About this exercise:
All that should come back is the lines of the data below from the one containing "M45555 Bag-Lvbag-146 Size" to the one containing "Banana Republic Black", inclusive, exactly as they stand.

Stored data:
..........
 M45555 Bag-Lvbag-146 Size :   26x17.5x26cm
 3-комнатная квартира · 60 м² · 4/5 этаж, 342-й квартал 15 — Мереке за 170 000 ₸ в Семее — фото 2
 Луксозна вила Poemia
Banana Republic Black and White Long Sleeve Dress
..........
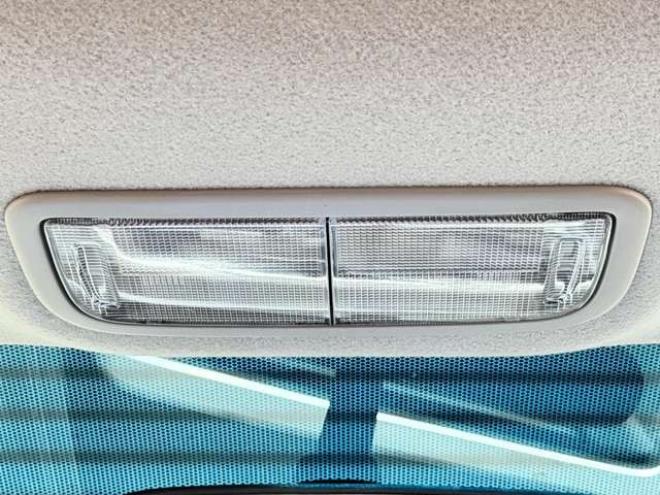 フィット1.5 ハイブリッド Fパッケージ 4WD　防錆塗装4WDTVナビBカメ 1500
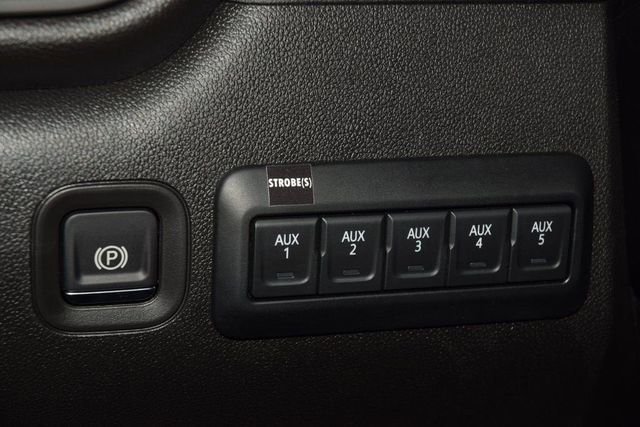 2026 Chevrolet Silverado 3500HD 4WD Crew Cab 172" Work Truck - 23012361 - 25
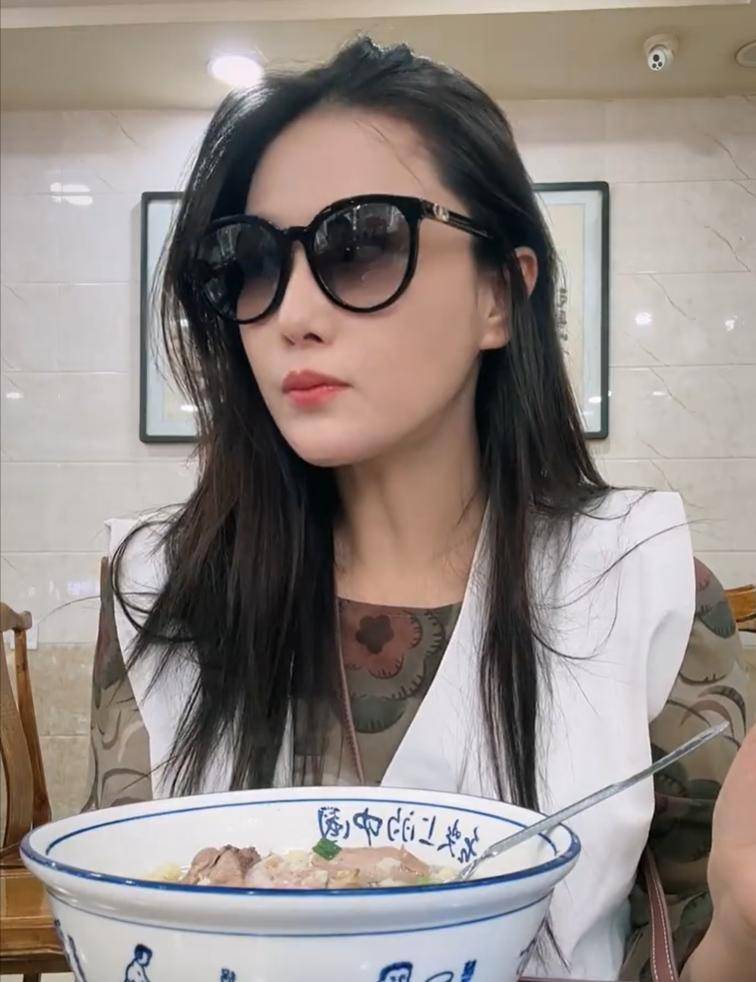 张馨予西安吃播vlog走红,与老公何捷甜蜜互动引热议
..........
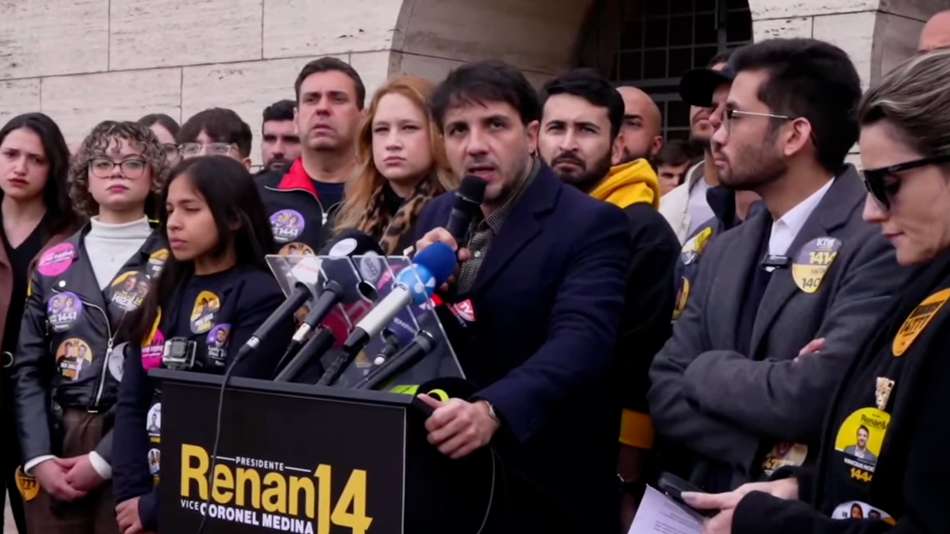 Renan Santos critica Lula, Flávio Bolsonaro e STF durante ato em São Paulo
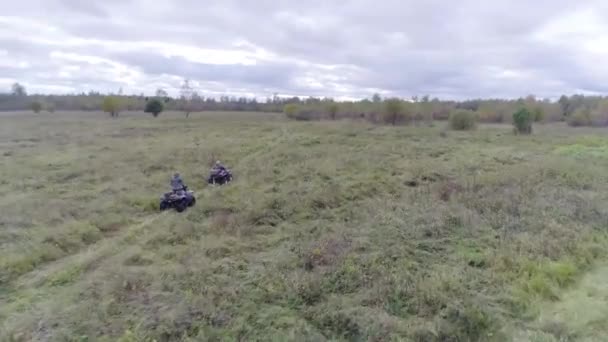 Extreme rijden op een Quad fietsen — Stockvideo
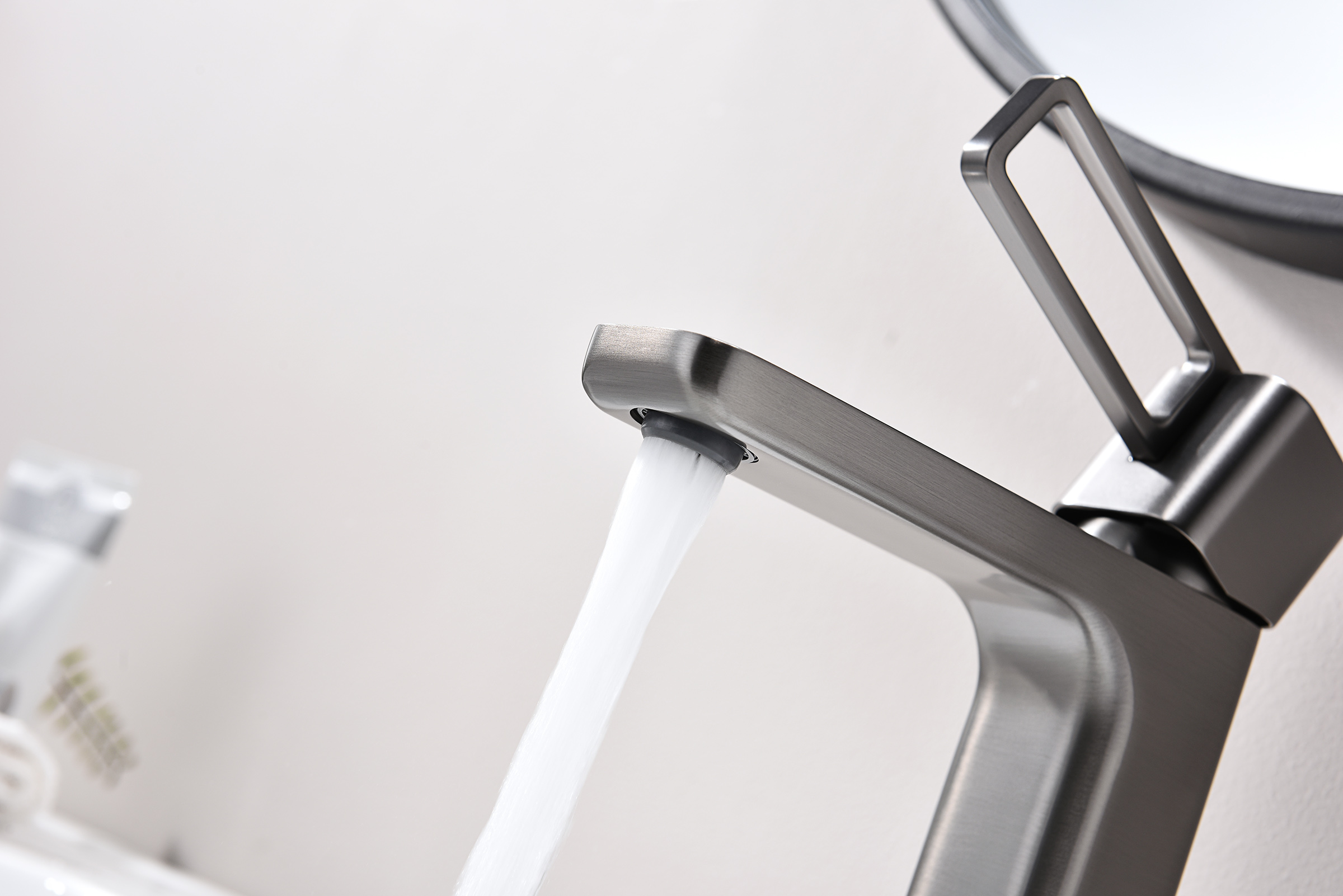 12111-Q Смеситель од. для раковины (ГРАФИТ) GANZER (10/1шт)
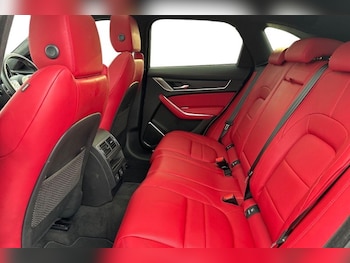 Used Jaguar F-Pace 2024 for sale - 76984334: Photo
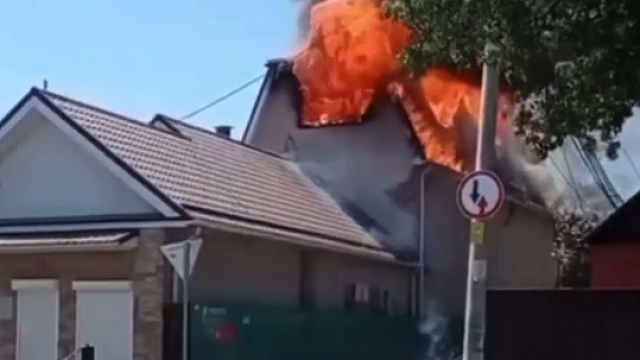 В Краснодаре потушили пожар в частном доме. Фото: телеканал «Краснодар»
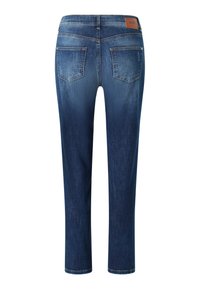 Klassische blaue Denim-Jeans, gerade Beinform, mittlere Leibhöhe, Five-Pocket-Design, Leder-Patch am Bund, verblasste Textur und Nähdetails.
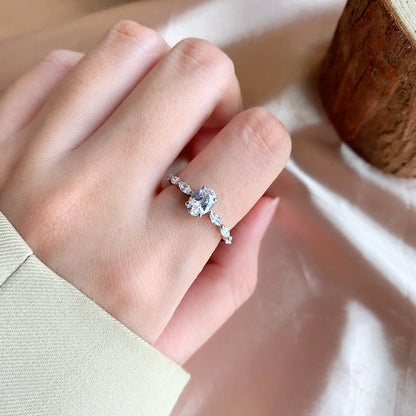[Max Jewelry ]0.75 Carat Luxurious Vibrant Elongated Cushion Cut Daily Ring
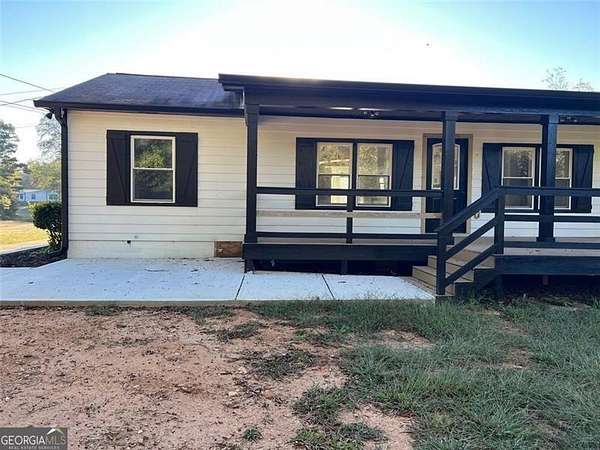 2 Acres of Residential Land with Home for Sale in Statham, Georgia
..........
Reply to the exercise:
 M45555 Bag-Lvbag-146 Size :   26x17.5x26cm
 3-комнатная квартира · 60 м² · 4/5 этаж, 342-й квартал 15 — Мереке за 170 000 ₸ в Семее — фото 2
 Луксозна вила Poemia
Banana Republic Black and White Long Sleeve Dress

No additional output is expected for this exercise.